I can reproduce this error with a DataFrame of my own as well. Both LINQ style and stand-alone operators hang. ( all that I have tried so far )
I initially thought it might be due to some funky column types but when I converted
all columns to Vector{Any}
I got a completely different error on a query:
julia> df = DataFrame(a = Any[rand(5)...], b=Any[rand(5)...])
5×2 DataFrame
│ Row │ a │ b │
│ │ Any │ Any │
├─────┼───────────┼───────────┤
│ 1 │ 0.481095 │ 0.754002 │
│ 2 │ 0.986754 │ 0.65757 │
│ 3 │ 0.387108 │ 0.318604 │
│ 4 │ 0.0094196 │ 0.920775 │
│ 5 │ 0.283106 │ 0.0891282 │
julia> df |> @filter(_.a > 0.3) |> DataFrame
ERROR: UndefVarError: DataValueUnwrapper not defined
Stacktrace:
[1] DataFrame(::QueryOperators.EnumerableFilter{NamedTuple{(:a, :b),Tuple{DataValues.DataValue{Any},DataValues.DataValue{Any}}},QueryOperators.EnumerableIterable{NamedTuple{(:a, :b),Tuple{DataValues.DataValue{Any},DataValues.DataValue{Any}}},Tables.DataValueRowIterator{NamedTuple{(:a, :b),Tuple{DataValues.DataValue{Any},DataValues.DataValue{Any}}},Array{NamedTuple{(:a, :b),Tuple{Any,Any}},1}}},getfield(Main, Symbol("##38#40"))}) at /home/jonas/.julia/packages/DataFrames/z2XOB/src/other/tables.jl:27
[2] |>(::QueryOperators.EnumerableFilter{NamedTuple{(:a, :b),Tuple{DataValues.DataValue{Any},DataValues.DataValue{Any}}},QueryOperators.EnumerableIterable{NamedTuple{(:a, :b),Tuple{DataValues.DataValue{Any},DataValues.DataValue{Any}}},Tables.DataValueRowIterator{NamedTuple{(:a, :b),Tuple{DataValues.DataValue{Any},DataValues.DataValue{Any}}},Array{NamedTuple{(:a, :b),Tuple{Any,Any}},1}}},getfield(Main, Symbol("##38#40"))}, ::Type) at ./operators.jl:813
[3] top-level scope at none:0
EDIT: the same error shows up without converting to Vector{Any}
.
julia> df2 = DataFrame(a = rand(5), b=rand(5))
5×2 DataFrame
│ Row │ a │ b │
│ │ Float64 │ Float64 │
├─────┼──────────┼───────────┤
│ 1 │ 0.726983 │ 0.214645 │
│ 2 │ 0.201247 │ 0.848875 │
│ 3 │ 0.344053 │ 0.374592 │
│ 4 │ 0.367191 │ 0.710325 │
│ 5 │ 0.231486 │ 0.0913907 │
julia> df2 |> @filter(_.a > 0.3) |> DataFrame
ERROR: UndefVarError: DataValueUnwrapper not defined
Stacktrace:
[1] DataFrame(::QueryOperators.EnumerableFilter{NamedTuple{(:a, :b),Tuple{Float64,Float64}},QueryOperators.EnumerableIterable{NamedTuple{(:a, :b),Tuple{Float64,Float64}},Tables.DataValueRowIterator{NamedTuple{(:a, :b),Tuple{Float64,Float64}},Array{NamedTuple{(:a, :b),Tuple{Float64,Float64}},1}}},getfield(Main, Symbol("##66#68"))}) at /home/jonas/.julia/packages/DataFrames/z2XOB/src/other/tables.jl:27
[2] |>(::QueryOperators.EnumerableFilter{NamedTuple{(:a, :b),Tuple{Float64,Float64}},QueryOperators.EnumerableIterable{NamedTuple{(:a, :b),Tuple{Float64,Float64}},Tables.DataValueRowIterator{NamedTuple{(:a, :b),Tuple{Float64,Float64}},Array{NamedTuple{(:a, :b),Tuple{Float64,Float64}},1}}},getfield(Main, Symbol("##66#68"))}, ::Type) at ./operators.jl:813
[3] top-level scope at none:0
@JonasIsensee I think what you are seeing must be a different issue.
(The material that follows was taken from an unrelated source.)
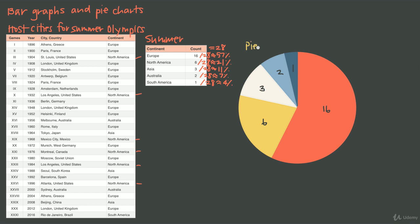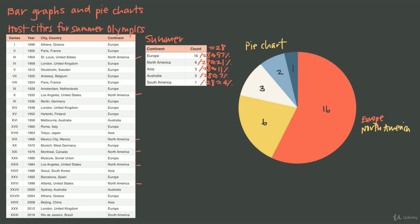We'll also include a legend for the pie chart. Because the sections are color-coded, we can indicate in the legend that red is Europe, yellow is North America, white represents Asia, light blue is Australia, and dark blue is South America.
What versions of packages are you using? I can't reproduce your latest code example.
julia v1.0.3
Query v0.11.0
DataFrames v0.16.0
Tables v0.1.15
TableTraits v0.4.1
QueryOperators v0.7.0
IterableTables v0.10.0
DataValues v0.4.7
There's got to be a better way to find these version numbers. Went through my Manifest by hand.
Anyway, another ] up
seems to have resolved that issue...
Converting all columns to Vector{Any}
works now.
Queries to the original DataFrame still cause julia to hang
and steadily increase memory allocation.
Hi, I have this issue in both 1.0.3 and 1.1.0 (I'm using Windows 10). I load a .dta file into a DataFrame and then try filtering it using @filter(_.) macro but it seems to get stuck until infinity unless i ctrl + c and force an exit. The same df works fine in 0.6.4 but loading the data takes much longer. I know that these are experimental functionalities, are they not available on Julia 1.*? @map seems to work fine for example (using on data loaded from CSV).